- Screencap from the film
- Directed by: George Albert Smith
- Produced by: George Albert Smith
- Starring: Laura Bayley George Albert Smith
- Cinematography: George Albert Smith
- Release date: March 1899;
- Running time: 1 minute, 3 seconds
- Country: United Kingdom
- Language: Silent

= The Kiss in the Tunnel =

1899 film by George Albert Smith

A Kiss in the Tunnel

The Kiss in the Tunnel, also known as A Kiss in the Tunnel, is an 1899 British short silent, comedy film, produced and directed by George Albert Smith, showing a couple sharing a brief kiss as their train passes through a tunnel, which is said to mark the beginnings of narrative editing. The film is the first to feature Laura Bayley, Smith's wife.

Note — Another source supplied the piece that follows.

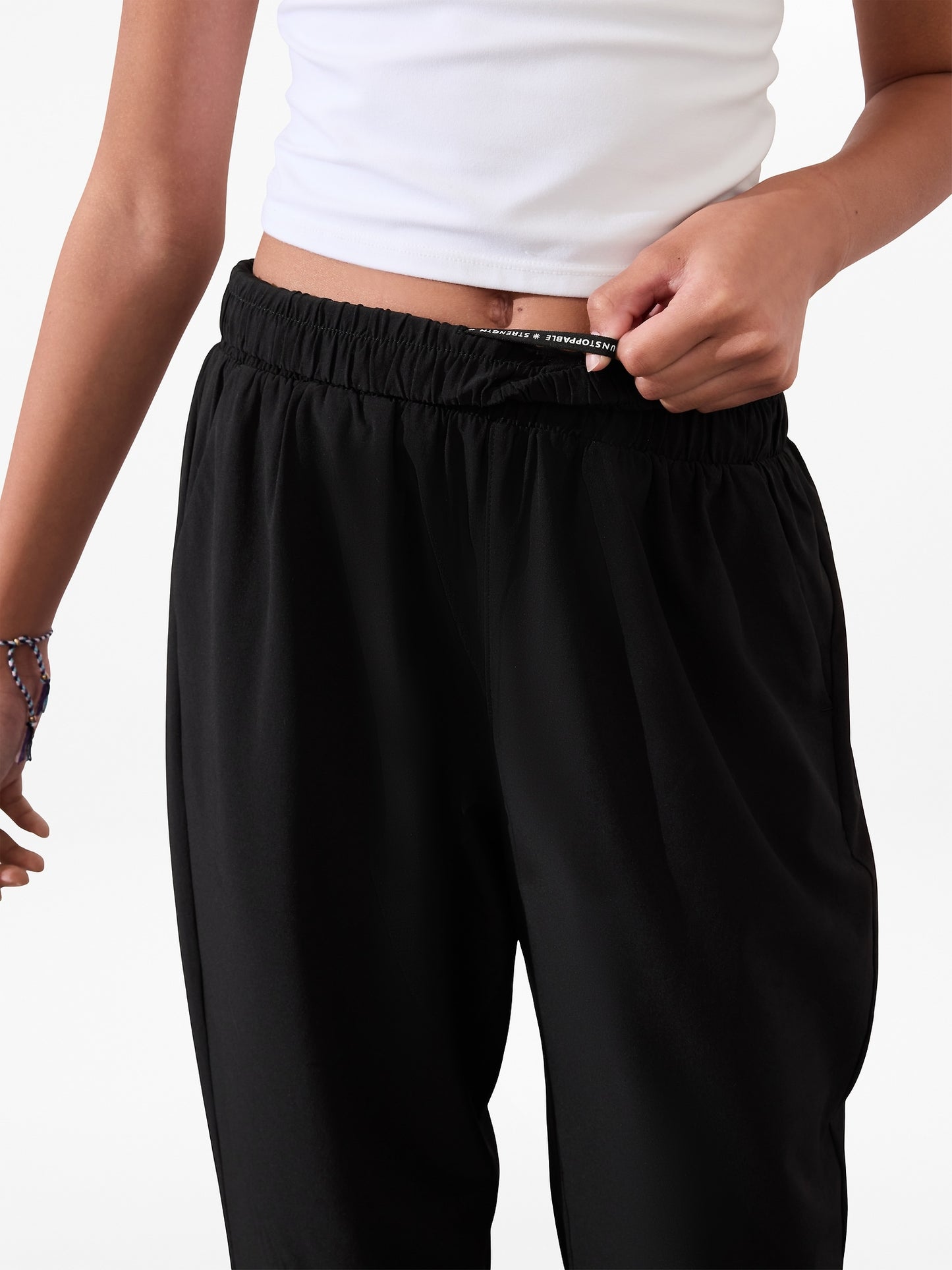 Athleta Girl Run Free Jogger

The director, according to Michael Brooke of BFI Screenonline, "felt that some extra spice was called for," in the then-popular 'phantom ride' genre, which featured shots taken from the front of a moving train, "and devised a shot showing a brief, almost furtive moment of passion between two passengers, taking advantage of the brief onset of darkness." Just this middle shot was offered by The Warwick Trading Company to exhibitors, who were advised, "to splice it into train footage," such as Cecil Hepworth's View from an Engine Front - Train Leaving Tunnel (1899), "that they almost certainly would own from previous programmes".

This insertion of a single shot into another film indicates, according to film historian Frank Gray, "a new understanding of continuity film editing," which "would have a profound impact on the development of editing strategies and become a dominant practice."

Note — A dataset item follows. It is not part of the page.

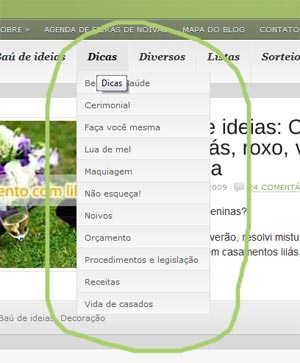 menu categorias zoom Gostaram da nova pintura?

Regarding the film itself, Screenonline reviewer Michael Brooke points out that "the lighting here is totally unrealistic - we can see everything that's going on," and, "no attempt has been made at realism in the setting - the "carriage is very obviously a painted flat that has been decorated with various props: luggage, parasols and so on, though the camera has been made to sway from side to side to create the illusion of movement."

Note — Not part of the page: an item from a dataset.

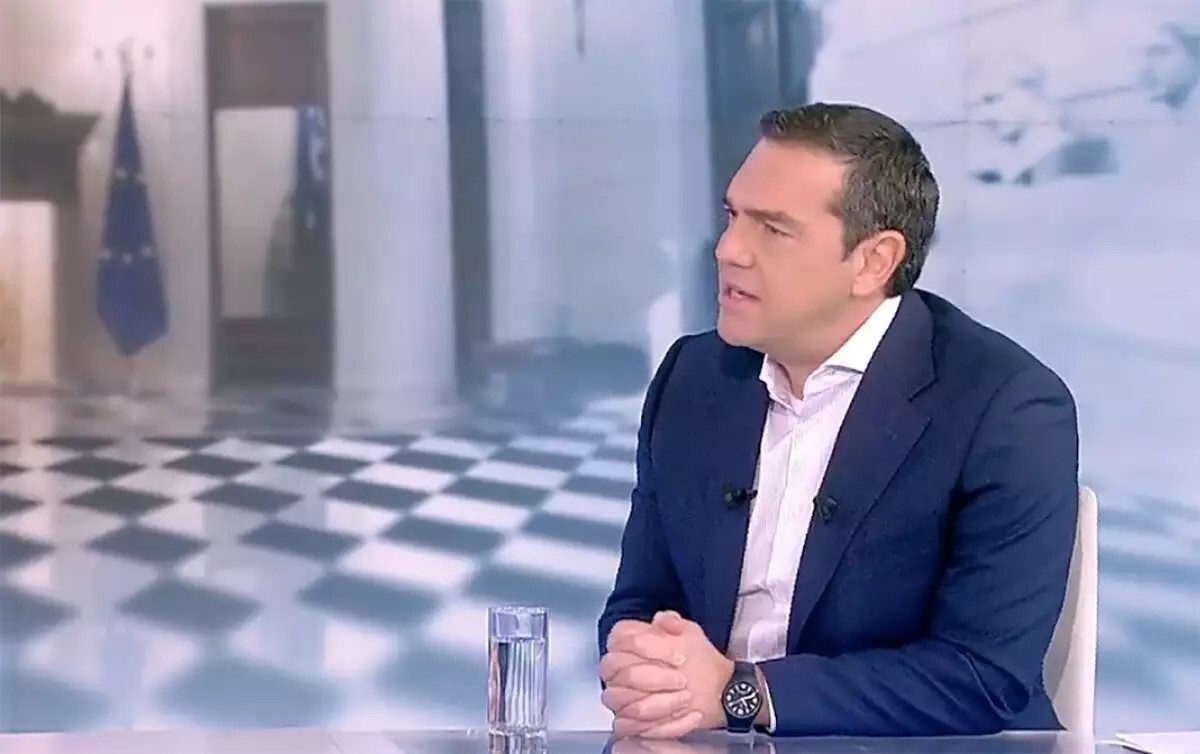 Σε δουλειά να βρίσκεται…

The film was remade under the same title by Bamforth and Company the same year, although they, according to Michael Brooke of BFI Screenonline, "adopted a rather less stylised and noticeably more passionate approach to the brief encounter of the title;" other imitations include S. Lubin's Love in a Railroad Train (1902) and Edwin S. Porter's What Happened in the Tunnel (1903).
Due to the film's age, it is public domain worldwide.